• [The task]
Begin at the line containing "Kate Arc-en-ciel Arche" and give again every line to the end of the records, exactly, without the pictures.

Captioned web images
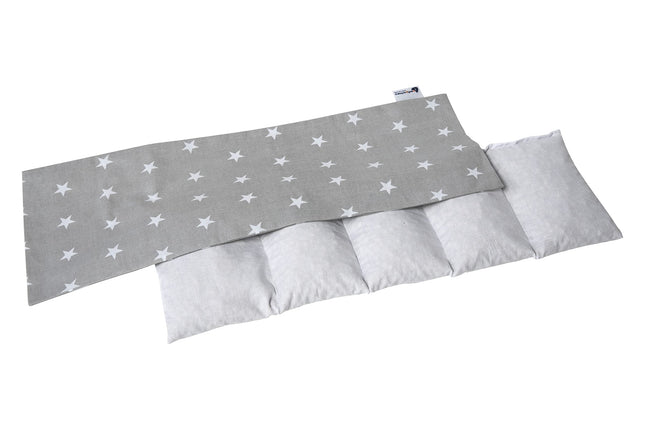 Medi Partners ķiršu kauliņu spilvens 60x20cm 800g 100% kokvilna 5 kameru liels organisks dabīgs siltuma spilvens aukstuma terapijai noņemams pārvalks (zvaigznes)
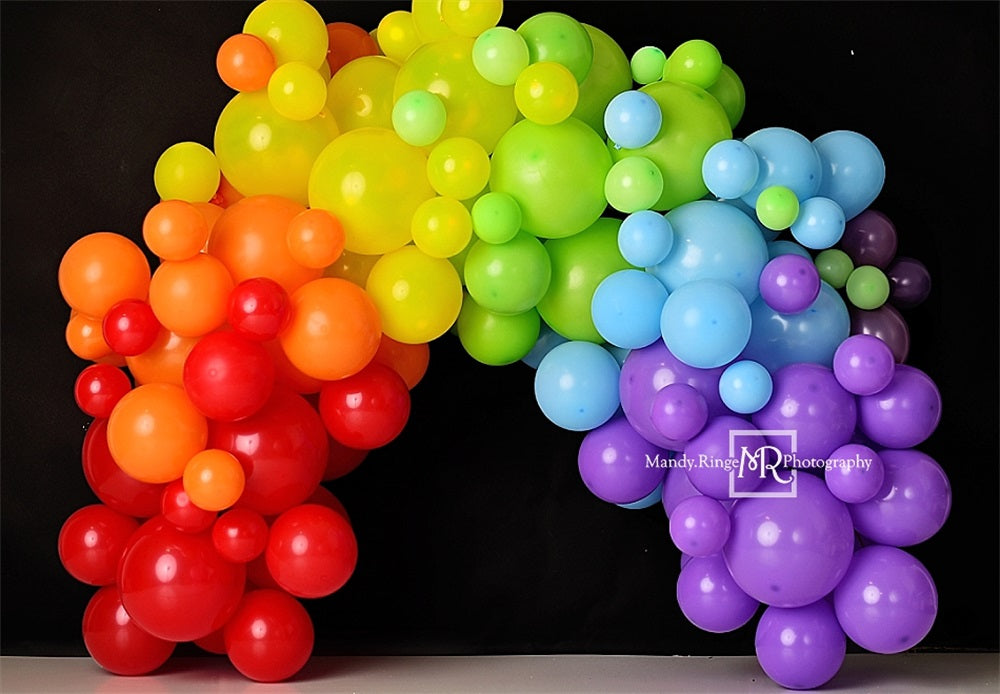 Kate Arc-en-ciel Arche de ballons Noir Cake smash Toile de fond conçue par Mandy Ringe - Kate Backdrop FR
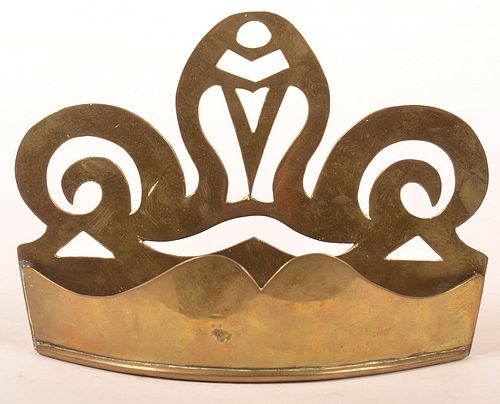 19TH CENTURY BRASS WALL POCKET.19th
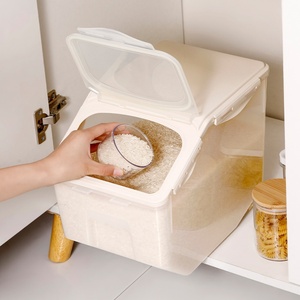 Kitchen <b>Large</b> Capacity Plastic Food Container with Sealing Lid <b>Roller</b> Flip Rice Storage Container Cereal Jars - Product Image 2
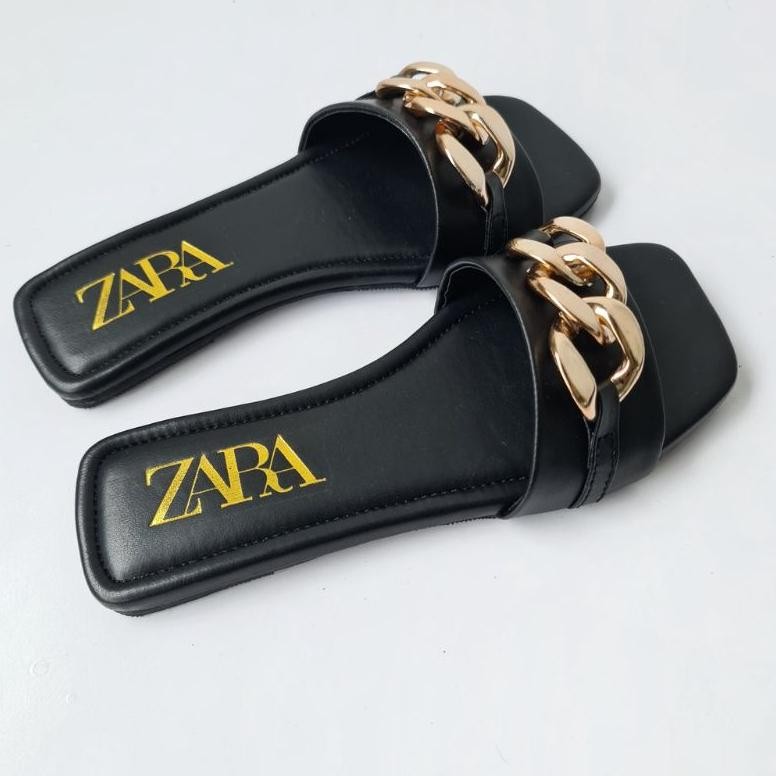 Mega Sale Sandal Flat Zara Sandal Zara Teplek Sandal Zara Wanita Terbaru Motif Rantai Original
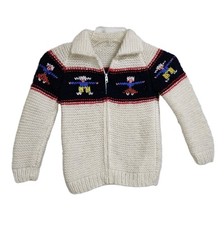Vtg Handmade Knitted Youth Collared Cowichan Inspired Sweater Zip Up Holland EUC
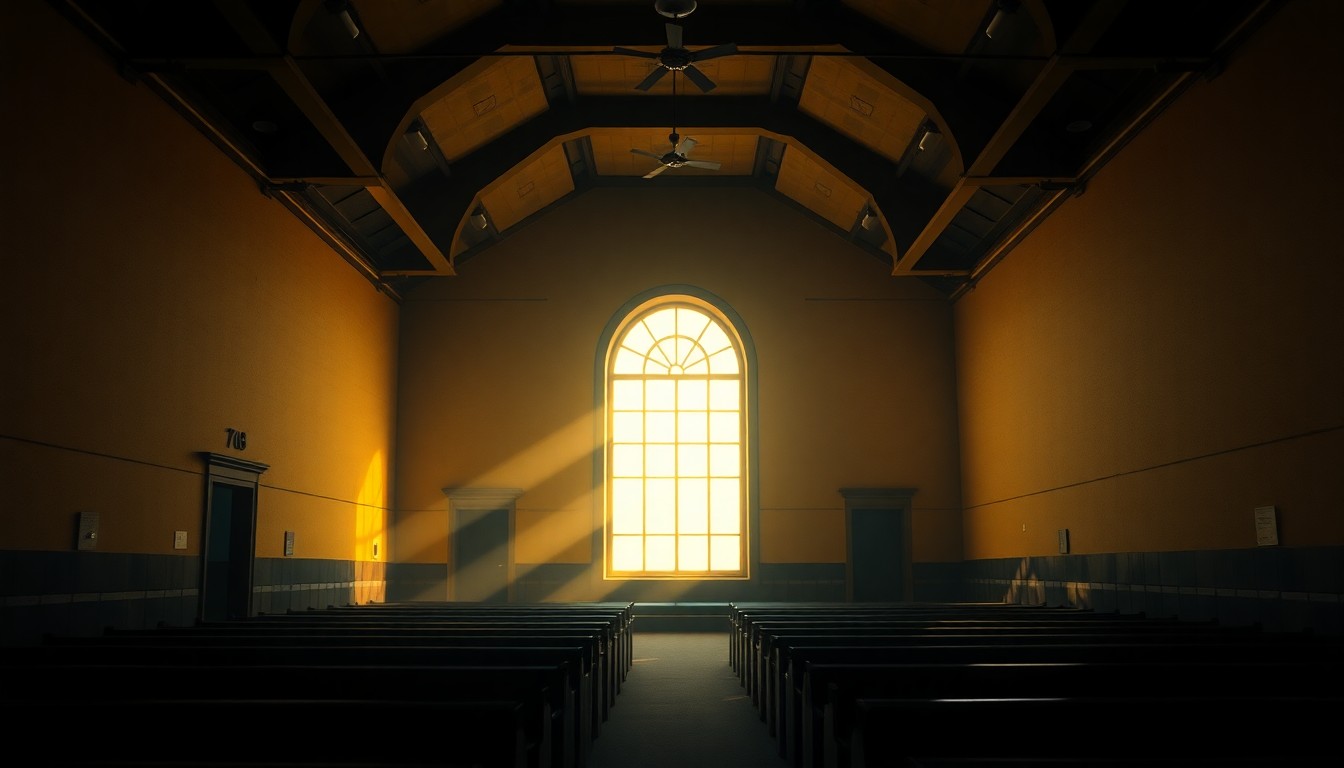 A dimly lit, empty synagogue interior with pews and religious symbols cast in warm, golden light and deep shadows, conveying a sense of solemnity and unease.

• [Written answer]
 Kate Arc-en-ciel Arche de ballons Noir Cake smash Toile de fond conçue par Mandy Ringe - Kate Backdrop FR
 19TH CENTURY BRASS WALL POCKET.19th
 Kitchen <b>Large</b> Capacity Plastic Food Container with Sealing Lid <b>Roller</b> Flip Rice Storage Container Cereal Jars - Product Image 2
 Mega Sale Sandal Flat Zara Sandal Zara Teplek Sandal Zara Wanita Terbaru Motif Rantai Original
Vtg Handmade Knitted Youth Collared Cowichan Inspired Sweater Zip Up Holland EUC
 A dimly lit, empty synagogue interior with pews and religious symbols cast in warm, golden light and deep shadows, conveying a sense of solemnity and unease.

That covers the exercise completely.